_WORK TO BE COMPLETED_: Quote each record exactly, please, leaving none out.
╭─ EXTRACTED ENTRIES
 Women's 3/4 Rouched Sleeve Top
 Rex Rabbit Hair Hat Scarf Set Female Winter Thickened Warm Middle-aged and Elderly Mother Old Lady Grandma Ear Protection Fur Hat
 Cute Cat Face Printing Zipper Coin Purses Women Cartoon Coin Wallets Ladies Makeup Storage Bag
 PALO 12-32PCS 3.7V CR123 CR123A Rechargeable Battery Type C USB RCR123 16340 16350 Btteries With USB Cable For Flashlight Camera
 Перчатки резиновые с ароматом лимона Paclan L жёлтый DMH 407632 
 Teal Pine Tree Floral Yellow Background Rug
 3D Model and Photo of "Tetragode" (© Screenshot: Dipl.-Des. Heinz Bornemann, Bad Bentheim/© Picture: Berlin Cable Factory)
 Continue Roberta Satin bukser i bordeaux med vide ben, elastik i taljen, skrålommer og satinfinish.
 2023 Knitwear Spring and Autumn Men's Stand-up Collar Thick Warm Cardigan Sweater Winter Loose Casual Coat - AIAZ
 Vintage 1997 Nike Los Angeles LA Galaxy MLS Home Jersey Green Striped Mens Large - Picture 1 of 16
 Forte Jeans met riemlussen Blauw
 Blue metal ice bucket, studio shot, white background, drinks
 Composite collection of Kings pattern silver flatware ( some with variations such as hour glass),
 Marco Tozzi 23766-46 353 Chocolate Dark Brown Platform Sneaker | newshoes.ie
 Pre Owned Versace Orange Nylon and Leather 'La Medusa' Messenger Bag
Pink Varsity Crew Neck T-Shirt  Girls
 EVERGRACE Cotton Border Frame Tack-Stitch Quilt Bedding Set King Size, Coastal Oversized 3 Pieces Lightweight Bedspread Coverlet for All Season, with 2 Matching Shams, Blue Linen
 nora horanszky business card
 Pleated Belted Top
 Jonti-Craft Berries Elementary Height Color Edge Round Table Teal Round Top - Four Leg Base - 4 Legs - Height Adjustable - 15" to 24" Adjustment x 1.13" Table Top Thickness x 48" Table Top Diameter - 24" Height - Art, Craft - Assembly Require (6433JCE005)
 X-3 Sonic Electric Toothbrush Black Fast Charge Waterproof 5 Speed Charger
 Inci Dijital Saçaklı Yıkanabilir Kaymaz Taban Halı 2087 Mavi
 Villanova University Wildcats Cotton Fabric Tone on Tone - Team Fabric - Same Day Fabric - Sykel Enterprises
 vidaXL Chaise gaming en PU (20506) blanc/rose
╰─
_OUTPUT BELOW_:
 Women's 3/4 Rouched Sleeve Top
 Rex Rabbit Hair Hat Scarf Set Female Winter Thickened Warm Middle-aged and Elderly Mother Old Lady Grandma Ear Protection Fur Hat
 Cute Cat Face Printing Zipper Coin Purses Women Cartoon Coin Wallets Ladies Makeup Storage Bag
 PALO 12-32PCS 3.7V CR123 CR123A Rechargeable Battery Type C USB RCR123 16340 16350 Btteries With USB Cable For Flashlight Camera
 Перчатки резиновые с ароматом лимона Paclan L жёлтый DMH 407632 
 Teal Pine Tree Floral Yellow Background Rug
 3D Model and Photo of "Tetragode" (© Screenshot: Dipl.-Des. Heinz Bornemann, Bad Bentheim/© Picture: Berlin Cable Factory)
 Continue Roberta Satin bukser i bordeaux med vide ben, elastik i taljen, skrålommer og satinfinish.
 2023 Knitwear Spring and Autumn Men's Stand-up Collar Thick Warm Cardigan Sweater Winter Loose Casual Coat - AIAZ
 Vintage 1997 Nike Los Angeles LA Galaxy MLS Home Jersey Green Striped Mens Large - Picture 1 of 16
 Forte Jeans met riemlussen Blauw
 Blue metal ice bucket, studio shot, white background, drinks
 Composite collection of Kings pattern silver flatware ( some with variations such as hour glass),
 Marco Tozzi 23766-46 353 Chocolate Dark Brown Platform Sneaker | newshoes.ie
 Pre Owned Versace Orange Nylon and Leather 'La Medusa' Messenger Bag
Pink Varsity Crew Neck T-Shirt  Girls
 EVERGRACE Cotton Border Frame Tack-Stitch Quilt Bedding Set King Size, Coastal Oversized 3 Pieces Lightweight Bedspread Coverlet for All Season, with 2 Matching Shams, Blue Linen
 nora horanszky business card
 Pleated Belted Top
 Jonti-Craft Berries Elementary Height Color Edge Round Table Teal Round Top - Four Leg Base - 4 Legs - Height Adjustable - 15" to 24" Adjustment x 1.13" Table Top Thickness x 48" Table Top Diameter - 24" Height - Art, Craft - Assembly Require (6433JCE005)
 X-3 Sonic Electric Toothbrush Black Fast Charge Waterproof 5 Speed Charger
 Inci Dijital Saçaklı Yıkanabilir Kaymaz Taban Halı 2087 Mavi
 Villanova University Wildcats Cotton Fabric Tone on Tone - Team Fabric - Same Day Fabric - Sykel Enterprises
 vidaXL Chaise gaming en PU (20506) blanc/rose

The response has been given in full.